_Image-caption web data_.
* * * * *

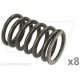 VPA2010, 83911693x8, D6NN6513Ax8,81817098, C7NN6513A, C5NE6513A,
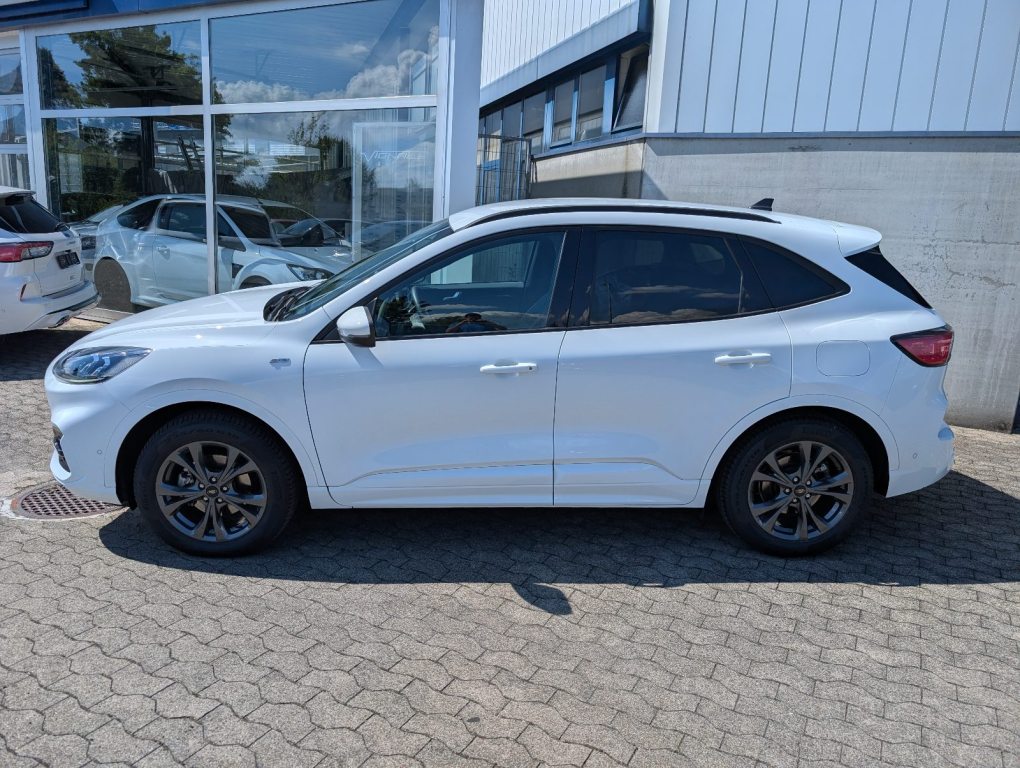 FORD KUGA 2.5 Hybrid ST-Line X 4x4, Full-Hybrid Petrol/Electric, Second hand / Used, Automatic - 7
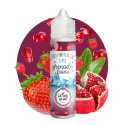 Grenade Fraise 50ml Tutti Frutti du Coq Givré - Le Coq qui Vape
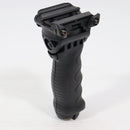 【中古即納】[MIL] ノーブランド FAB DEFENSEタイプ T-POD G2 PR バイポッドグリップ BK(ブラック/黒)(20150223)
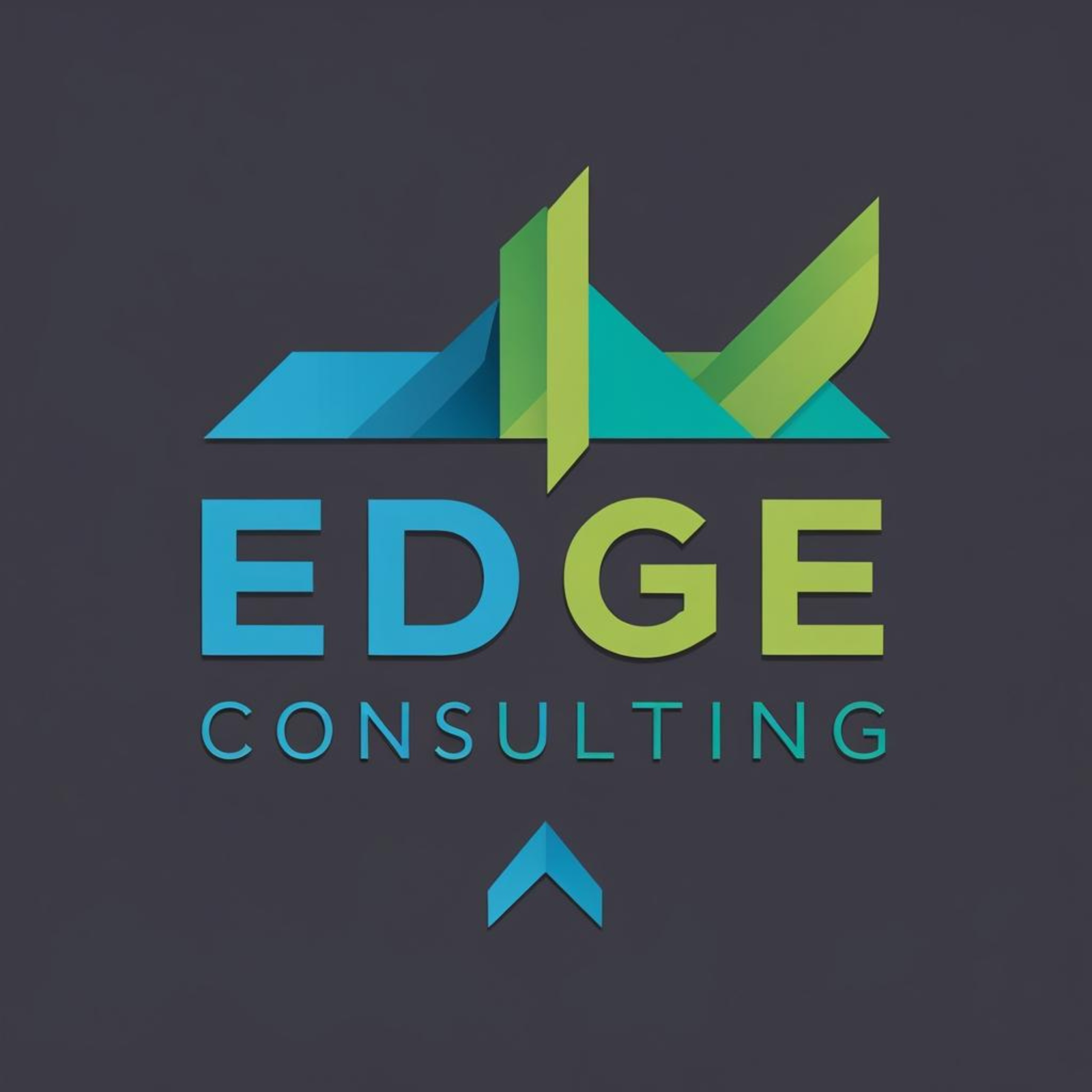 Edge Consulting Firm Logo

* * * * *

_What is required_. What is needed is every line of the data above, set down exactly but with the images left out.

_Solution_.
 VPA2010, 83911693x8, D6NN6513Ax8,81817098, C7NN6513A, C5NE6513A,
 FORD KUGA 2.5 Hybrid ST-Line X 4x4, Full-Hybrid Petrol/Electric, Second hand / Used, Automatic - 7
 Grenade Fraise 50ml Tutti Frutti du Coq Givré - Le Coq qui Vape
 【中古即納】[MIL] ノーブランド FAB DEFENSEタイプ T-POD G2 PR バイポッドグリップ BK(ブラック/黒)(20150223)
 Edge Consulting Firm Logo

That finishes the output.